The quality of older wood furniture and rugs is shockingly higher than today's mass produced machine made junk. These pieces have lasted for decades versus a few years for the new stuff that ends up in the landfill. To piggyback onto the previous note.
Budget friendliness - many times, vintage and antique pieces are a steal compared to the price tag of new. Especially if sourced from estate sales, thrift stores, Facebook Marketplace, and flea markets. Once you get to the more curated dealer level then of course the prices shoot up and the value of the piece is more tied to my first note. But if you have the time and inclination to "treasure hunt" then you can make your house look like a million bucks on a shoestring budget. That's how a lot of designers (including me) started to develop their style and honed their eyes.
But how do you find good vintage you ask? Here are some tips that have worked for me:
When I notice cool pieces in interiors I like, I make a note of them mentally and look up the going rate on 1st Dibs, Chairish, and Etsy for similar items. I keep them on my radar for if/when I see them at resale shops, estate sales, flea markets, etc. I know their value and if its a good deal or not.
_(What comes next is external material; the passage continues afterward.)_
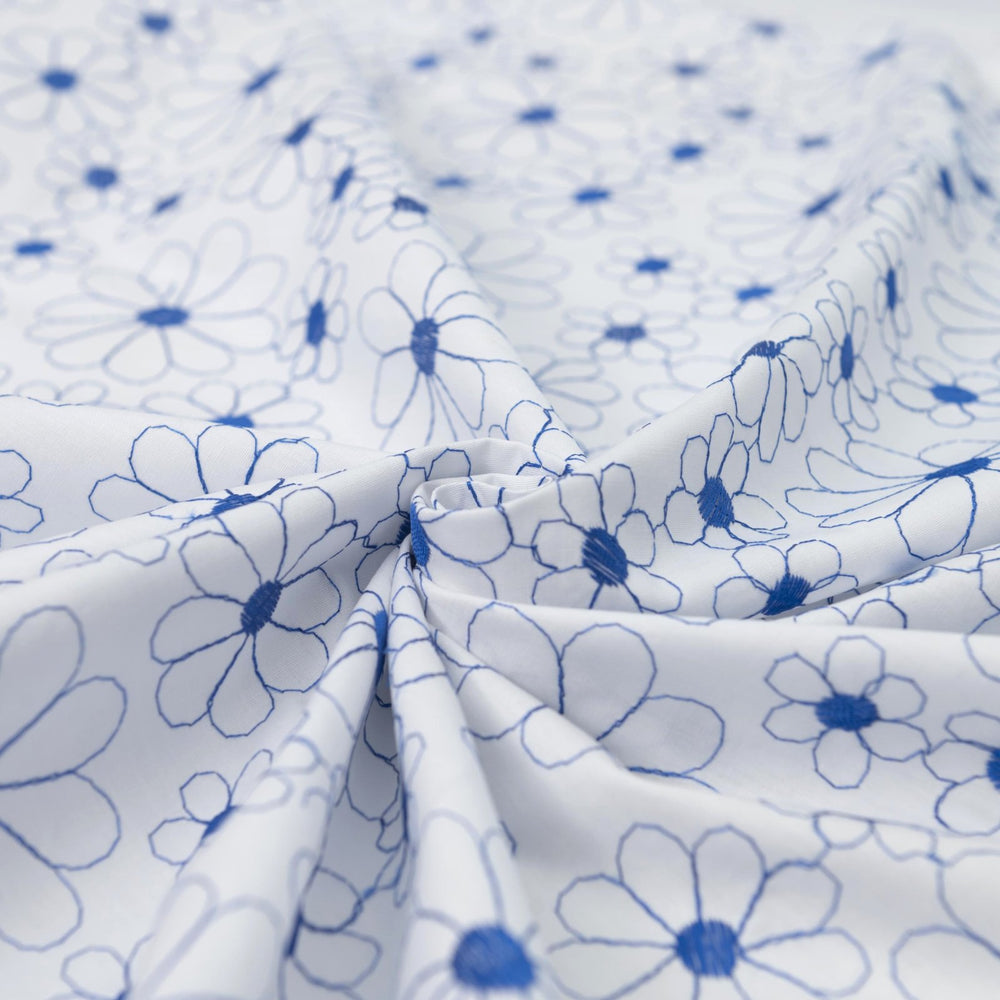 Cotton Lawn Embroidered Sapphire Blooms – 100% cotton, 56 inches wide, crisp embroidered fabric for sewing shirts, skirts, sundresses, and elegant garments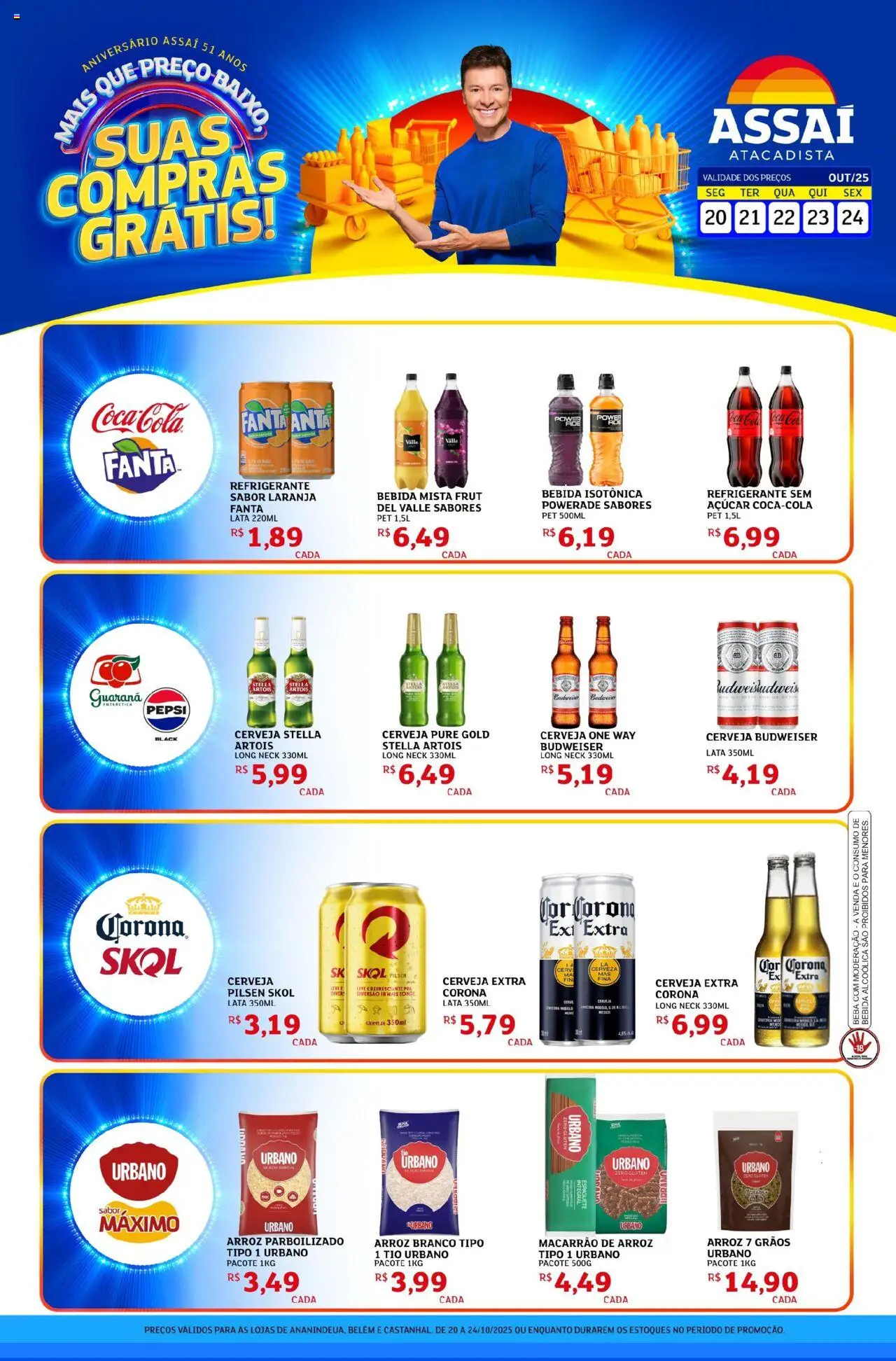 Assaí Atacadista Folheto - válido de 20.10.2025 | Página: 1 | Produtos: Guaraná, Fanta, Arroz, Bebida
Mix decades to keep things interesting and to keep a vintage laiden interior from feeling too contrived or kitchy. Don't do all 60's American midcentury for example. Mix in 70's Danish, 80s Italian, etc. to create a collected dynamism.
I rarely find good furnishings at thrift stores but usually keep an eye out for ceramics and old decorating books for a song to use as styling props.
If there is a thrift store, estate sale, or antique market along your route - poke in. The worst that can happen is you wasted 20 minutes but you never know what treasure you may happen upon.
Check estatesales.net for preview photos of sales near you to see if its worth the effort. Go early on the last day for your pick of goods at 50% off.
Facebook Marketplace is a treasure trove if you have the time to search and search often. Save items you like even if you have no intention of buying them for the algorithm to have a better sense of what to show you. Don't be shy to negotiate if something has been listed for weeks (without being insulting). If it just posted and the price is too good, consider offering more than asking so the seller responds to you first.
I am finding more and more furniture flippers on Facebook Marketplace and they will include their Instagram tags in the posting. Start following their IG feeds to get a first look at their finds before they post to FB.
That's my collection of pearls of vintage shopping wisdom for you. Do you have ones to share as well?